**Input data:**
────────────────────────────────────────

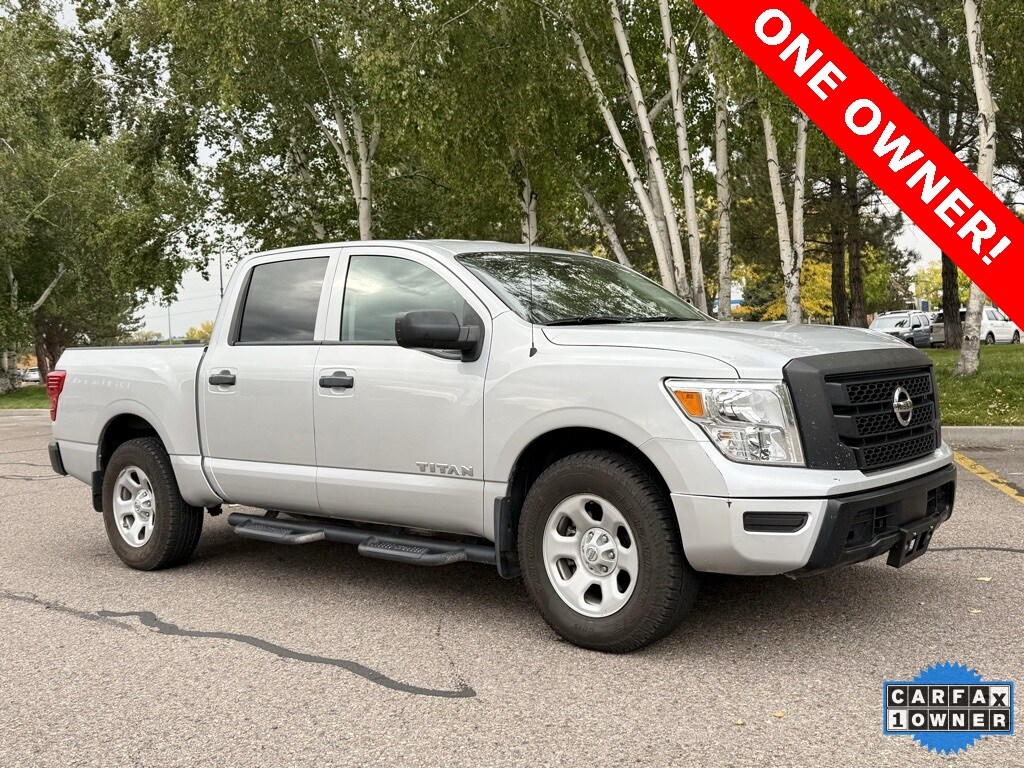 2021 Nissan Titan S photo 2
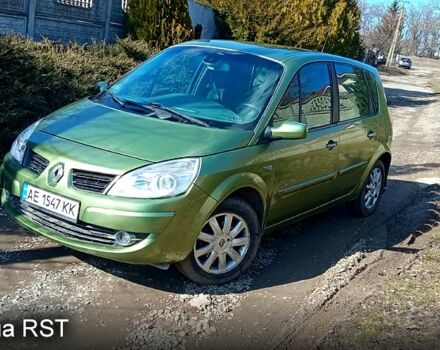 Зелений Рено Сценік, об'ємом двигуна 1.5 л та пробігом 340 тис. км за 4300 $, фото 1 на Automoto.ua
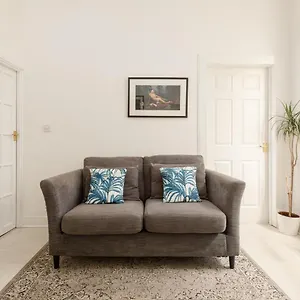 The Tollcross - Modern & Bright 1br Edinburgh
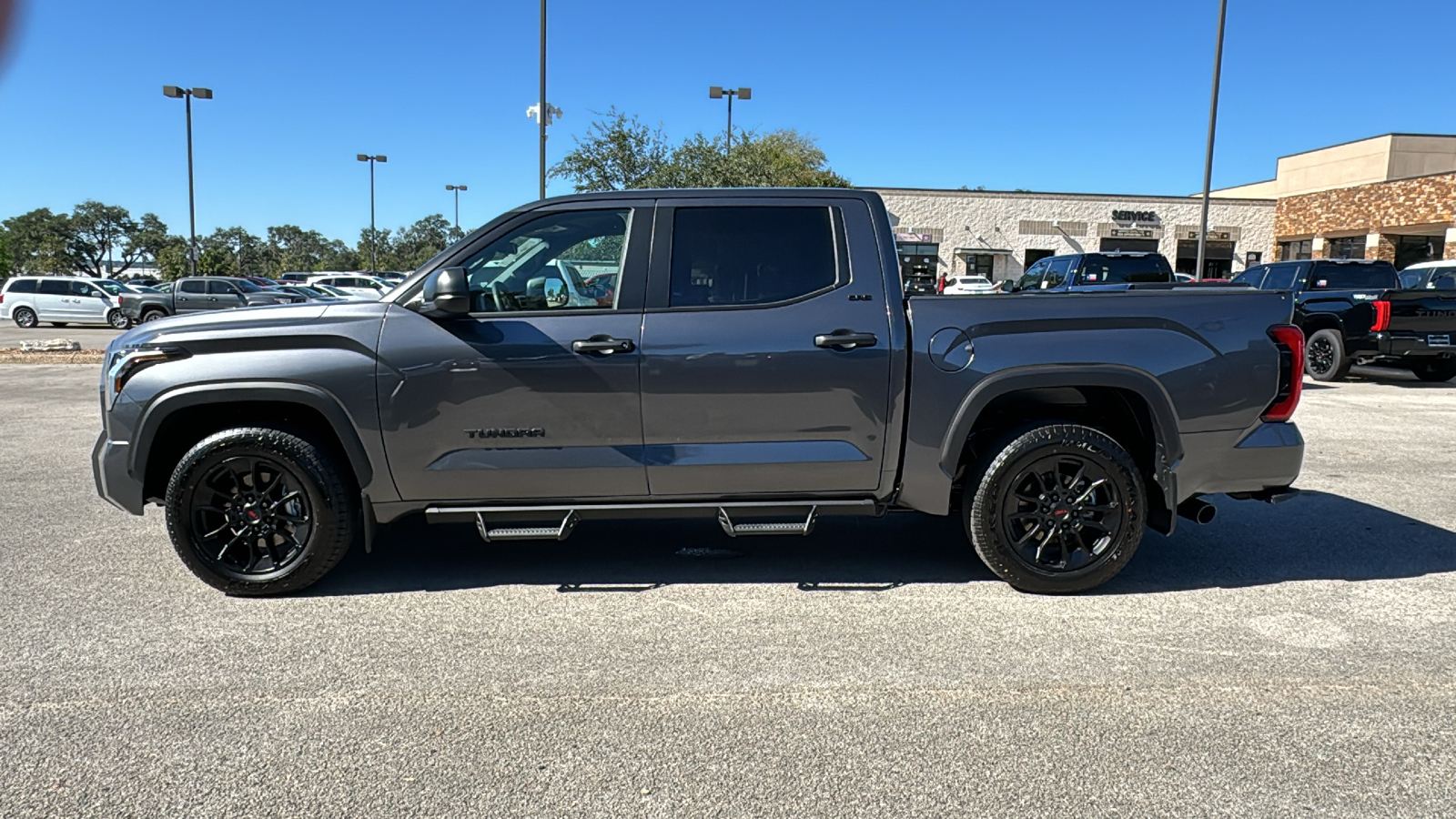 2025 Toyota Tundra SR5 5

────────────────────────────────────────

Would you please copy the listing exactly, omitting every picture?

 2021 Nissan Titan S photo 2
 Зелений Рено Сценік, об'ємом двигуна 1.5 л та пробігом 340 тис. км за 4300 $, фото 1 на Automoto.ua
 The Tollcross - Modern & Bright 1br Edinburgh
 2025 Toyota Tundra SR5 5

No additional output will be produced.